The idea that this freedom might disappear never entered my mind. There was the awareness of a permanent shift, because what awoke to itself was timeless consciousness. At times, people describe awakening as a powerful experience of transcendence that comes and then goes. Some teachers warn that such awakening can become a memory that the mind uses as a reference point. They emphasize that we must keep awakening in every moment. I can only say that such words do not apply to genuine awakening or, to use a more precise term, realization.

If you truly realize that your nature is consciousness, it cannot exactly be called a “moment” of awakening, for that emphasizes temporality and partiality. By definition, if it is merely a moment or a memory for you, then it was never realization of timeless truth. When I refer to realization, I am not speaking of glimpses of oneness or seeing that the self-image cannot define you. I am speaking of the irrevocable seeing of true nature, absolute reality, which has been called a turning-about in the deepest seat of consciousness, entering the stream, or gnosis. There are well-known ways of ascertaining genuine realization from partial insights and subtle mind states.

 

The signs of realization include first of all the awareness of a radical shift of identity and understanding. The shift has a weight of authority that cannot be touched or approached by anything else. Also, the change must include both identity and understanding. Although it brings a degree of wonder and bewilderment, it is made of a vast clarity and direct insight. Whereas previously we understood spiritual teachings partially or vaguely, both the reality itself and the words that point to it are now crystal clear. If there is not the sense of thorough liberation and illumination, it is not realization.

 

The next sign is a great peace of mind, a peace that is weightless and transparent.
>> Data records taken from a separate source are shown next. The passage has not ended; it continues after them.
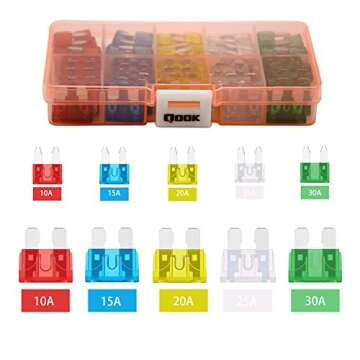 120Pcs Assorted Mixed Auto Car Truck Medium(40 Pcs) and Small(80 Pcs) Standard Blade Fuse Box Set Assortment Kit 10 15 20 25 30 AMP Car Motorcycle Boat Truck SUV Automotive Replacement Fuses, orange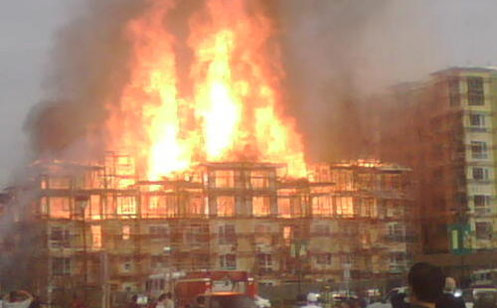 building on fire pictures. commentator on the last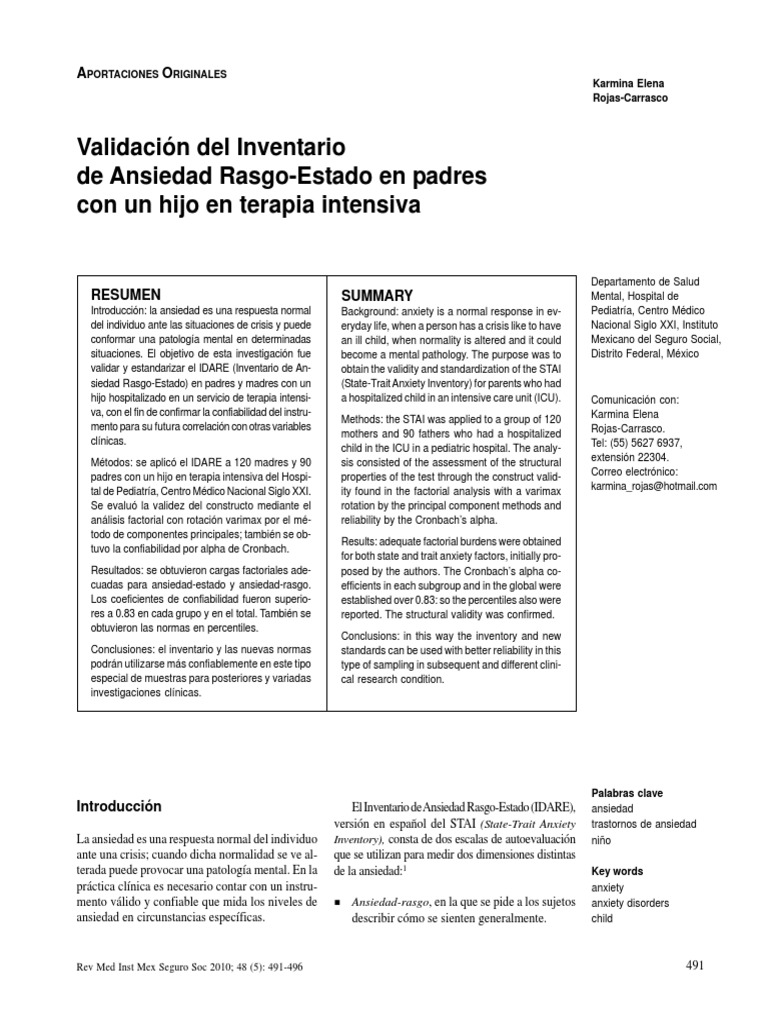 Validación del IDARE en padres de niños en ICU | PDF | Alfa de Cronbach ...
This comes with a sense of release and lightness of heart that are too fine and subtle for words. It is not just that “I” am free but that reality is and has ever been free. Existence is whole, complete, and radiant. It was never the somewhat sad and senseless thing we imagined.

 

The next sign is the arising of a great love for all beings, almost like a slow-moving tidal wave. The tidal wave does not come to crash over and change and fix everyone like the restless waves of the deluded, missionary mind. It comes as a welling up of compassion, affection, and the awareness of inseparability. If this seeing is true, it brings an abiding urge to serve, help, and embrace others in truth and love.

 

All things become dear and precious, and that leads to the next sign, which is that for the awakened mind the preciousness of things and of human existence is not separate from but is rather a perfect reflection of the absolute. Though there is great detachment—a detachment made of total clarity as to the nature of delusion versus wisdom—there is no distance. The detachment is the clarity aspect of wisdom. The lack of distance is the love aspect of wisdom. So one feels the whole of the human experience as infinitely precious and meaningful, at the same time as knowing that our journey in life has been largely shaped by confusion. But we can awaken, and there are no mistakes in this divine scheme. There is only grace, and life is a precious opportunity to discover this.